Papers
Topics
Authors
Recent
Gemini 2.5 Flash
Gemini 2.5 Flash
72 tokens/sec
GPT-4o
61 tokens/sec
Gemini 2.5 Pro Pro
44 tokens/sec
o3 Pro
8 tokens/sec
GPT-4.1 Pro
50 tokens/sec
DeepSeek R1 via Azure Pro
28 tokens/sec
2000 character limit reached

Selective Reflection-Tuning: Student-Selected Data Recycling for LLM Instruction-Tuning (2402.10110v2)

Published 15 Feb 2024 in cs.CL, cs.AI, and cs.LG
Selective Reflection-Tuning: Student-Selected Data Recycling for LLM Instruction-Tuning

Abstract: Instruction tuning is critical to LLMs for achieving better instruction following and task adaptation capabilities but its success heavily relies on the training data quality. Many recent methods focus on improving the data quality but often overlook the compatibility of the data with the student model being finetuned. This paper introduces Selective Reflection-Tuning, a novel paradigm that synergizes a teacher LLM's reflection and introspection for improving existing data quality with the data selection capability of the student LLM, to automatically refine existing instruction-tuning data.
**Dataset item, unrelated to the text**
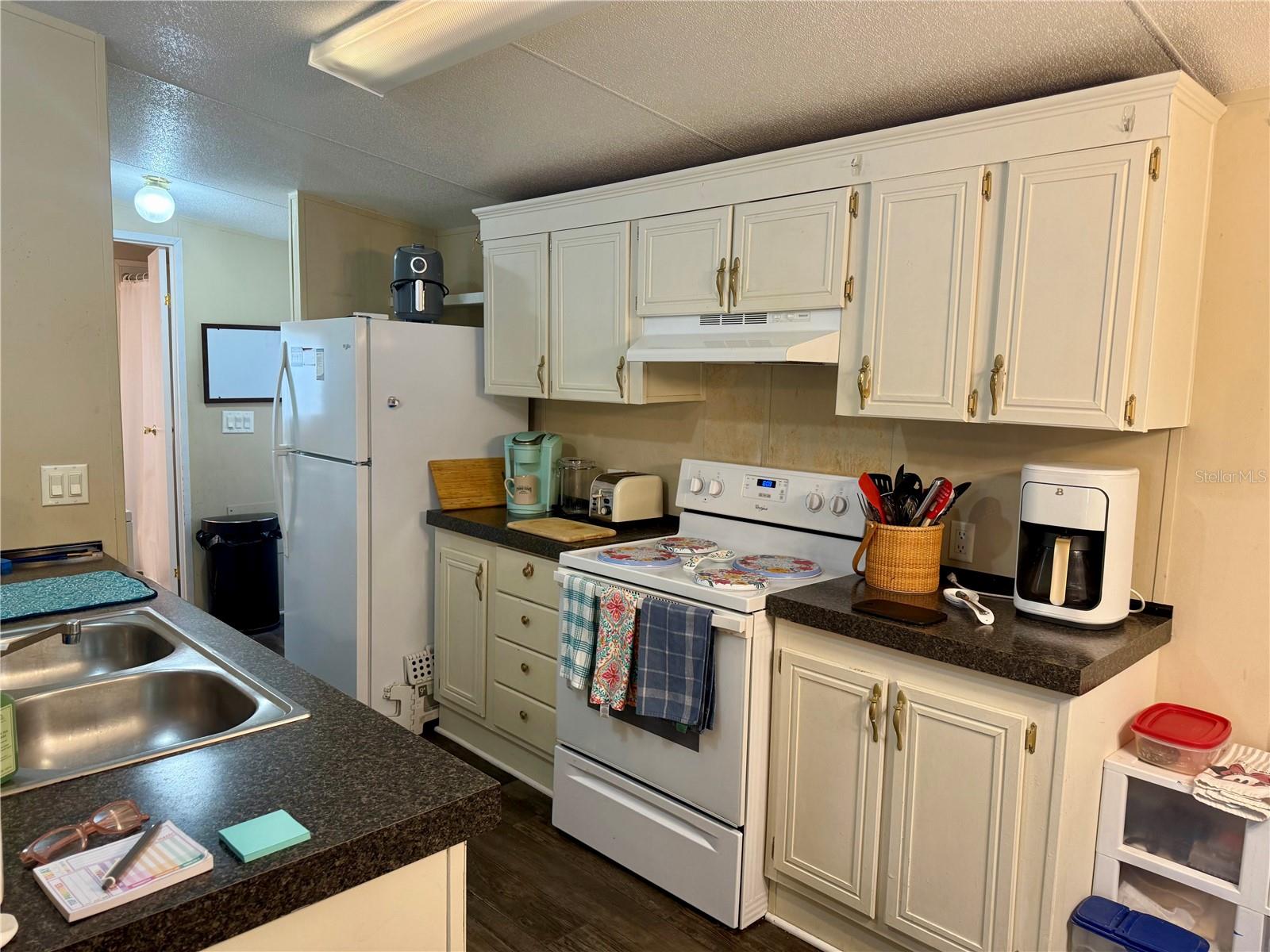HILLS/FLORIDA WOODS - Residential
This teacher-student collaboration produces high-quality and student-compatible instruction-response pairs, resulting in sample-efficient instruction tuning and LLMs of superior performance. Selective Reflection-Tuning is a data augmentation and synthesis that generally improves LLM finetuning and self-improvement without collecting brand-new data. We apply our method to Alpaca and WizardLM data and achieve much stronger and top-tier 7B and 13B LLMs.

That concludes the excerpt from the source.